ASSIGNED TASK: Print the lines of the data, starting with the first, up to and including the line where "Скачать песню Лёня - Леле" appears.

##### PROVIDED MATERIAL

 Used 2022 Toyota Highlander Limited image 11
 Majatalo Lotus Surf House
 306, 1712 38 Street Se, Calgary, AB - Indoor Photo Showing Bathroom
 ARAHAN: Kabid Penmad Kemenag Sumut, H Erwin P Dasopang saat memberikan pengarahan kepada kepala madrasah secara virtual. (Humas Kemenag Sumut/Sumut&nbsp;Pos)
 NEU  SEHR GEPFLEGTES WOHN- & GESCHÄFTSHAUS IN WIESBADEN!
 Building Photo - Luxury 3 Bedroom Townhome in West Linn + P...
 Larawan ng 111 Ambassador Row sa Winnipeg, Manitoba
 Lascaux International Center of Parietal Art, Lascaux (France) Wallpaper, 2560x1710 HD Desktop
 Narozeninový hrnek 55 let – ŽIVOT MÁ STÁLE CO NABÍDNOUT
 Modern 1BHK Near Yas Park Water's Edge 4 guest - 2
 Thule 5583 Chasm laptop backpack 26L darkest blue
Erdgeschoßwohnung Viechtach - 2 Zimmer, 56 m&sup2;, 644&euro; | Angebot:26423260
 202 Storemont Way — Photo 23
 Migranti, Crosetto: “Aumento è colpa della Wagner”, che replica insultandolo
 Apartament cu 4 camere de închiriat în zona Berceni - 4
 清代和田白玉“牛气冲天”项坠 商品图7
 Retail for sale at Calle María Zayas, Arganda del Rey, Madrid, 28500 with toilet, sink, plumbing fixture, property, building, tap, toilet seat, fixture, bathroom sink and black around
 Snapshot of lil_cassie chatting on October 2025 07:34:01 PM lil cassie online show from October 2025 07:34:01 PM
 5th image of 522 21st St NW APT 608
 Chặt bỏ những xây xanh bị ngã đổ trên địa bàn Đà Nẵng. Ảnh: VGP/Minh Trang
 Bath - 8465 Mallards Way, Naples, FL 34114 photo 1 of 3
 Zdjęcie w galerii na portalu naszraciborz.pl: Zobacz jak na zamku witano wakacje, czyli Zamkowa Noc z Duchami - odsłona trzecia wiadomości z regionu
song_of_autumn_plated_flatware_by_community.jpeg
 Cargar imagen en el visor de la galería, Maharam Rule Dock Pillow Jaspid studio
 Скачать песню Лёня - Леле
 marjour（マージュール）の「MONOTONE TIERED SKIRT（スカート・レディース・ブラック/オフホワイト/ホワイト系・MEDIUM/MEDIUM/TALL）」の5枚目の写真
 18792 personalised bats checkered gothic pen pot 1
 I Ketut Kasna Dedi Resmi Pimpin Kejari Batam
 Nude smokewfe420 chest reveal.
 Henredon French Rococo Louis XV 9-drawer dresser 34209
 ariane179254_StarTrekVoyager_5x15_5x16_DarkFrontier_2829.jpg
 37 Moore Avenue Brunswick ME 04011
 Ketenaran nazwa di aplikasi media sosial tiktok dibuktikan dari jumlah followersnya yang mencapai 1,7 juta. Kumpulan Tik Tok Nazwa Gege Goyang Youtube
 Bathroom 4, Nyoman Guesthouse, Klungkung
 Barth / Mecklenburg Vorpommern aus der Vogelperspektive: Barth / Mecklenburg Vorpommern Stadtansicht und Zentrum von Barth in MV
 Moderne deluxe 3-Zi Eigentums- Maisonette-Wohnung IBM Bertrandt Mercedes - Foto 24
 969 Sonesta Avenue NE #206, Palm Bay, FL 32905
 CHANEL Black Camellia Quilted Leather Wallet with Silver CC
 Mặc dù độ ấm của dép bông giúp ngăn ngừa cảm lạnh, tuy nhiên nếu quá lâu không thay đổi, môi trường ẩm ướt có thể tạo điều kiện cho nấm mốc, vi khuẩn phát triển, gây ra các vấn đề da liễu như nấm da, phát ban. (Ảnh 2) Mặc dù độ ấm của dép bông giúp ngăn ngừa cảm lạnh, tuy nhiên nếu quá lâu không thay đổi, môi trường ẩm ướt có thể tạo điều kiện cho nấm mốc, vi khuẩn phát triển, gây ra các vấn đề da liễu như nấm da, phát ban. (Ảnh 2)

##########

WRITTEN SOLUTION:
 Used 2022 Toyota Highlander Limited image 11
 Majatalo Lotus Surf House
 306, 1712 38 Street Se, Calgary, AB - Indoor Photo Showing Bathroom
 ARAHAN: Kabid Penmad Kemenag Sumut, H Erwin P Dasopang saat memberikan pengarahan kepada kepala madrasah secara virtual. (Humas Kemenag Sumut/Sumut&nbsp;Pos)
 NEU  SEHR GEPFLEGTES WOHN- & GESCHÄFTSHAUS IN WIESBADEN!
 Building Photo - Luxury 3 Bedroom Townhome in West Linn + P...
 Larawan ng 111 Ambassador Row sa Winnipeg, Manitoba
 Lascaux International Center of Parietal Art, Lascaux (France) Wallpaper, 2560x1710 HD Desktop
 Narozeninový hrnek 55 let – ŽIVOT MÁ STÁLE CO NABÍDNOUT
 Modern 1BHK Near Yas Park Water's Edge 4 guest - 2
 Thule 5583 Chasm laptop backpack 26L darkest blue
Erdgeschoßwohnung Viechtach - 2 Zimmer, 56 m&sup2;, 644&euro; | Angebot:26423260
 202 Storemont Way — Photo 23
 Migranti, Crosetto: “Aumento è colpa della Wagner”, che replica insultandolo
 Apartament cu 4 camere de închiriat în zona Berceni - 4
 清代和田白玉“牛气冲天”项坠 商品图7
 Retail for sale at Calle María Zayas, Arganda del Rey, Madrid, 28500 with toilet, sink, plumbing fixture, property, building, tap, toilet seat, fixture, bathroom sink and black around
 Snapshot of lil_cassie chatting on October 2025 07:34:01 PM lil cassie online show from October 2025 07:34:01 PM
 5th image of 522 21st St NW APT 608
 Chặt bỏ những xây xanh bị ngã đổ trên địa bàn Đà Nẵng. Ảnh: VGP/Minh Trang
 Bath - 8465 Mallards Way, Naples, FL 34114 photo 1 of 3
 Zdjęcie w galerii na portalu naszraciborz.pl: Zobacz jak na zamku witano wakacje, czyli Zamkowa Noc z Duchami - odsłona trzecia wiadomości z regionu
song_of_autumn_plated_flatware_by_community.jpeg
 Cargar imagen en el visor de la galería, Maharam Rule Dock Pillow Jaspid studio
 Скачать песню Лёня - Леле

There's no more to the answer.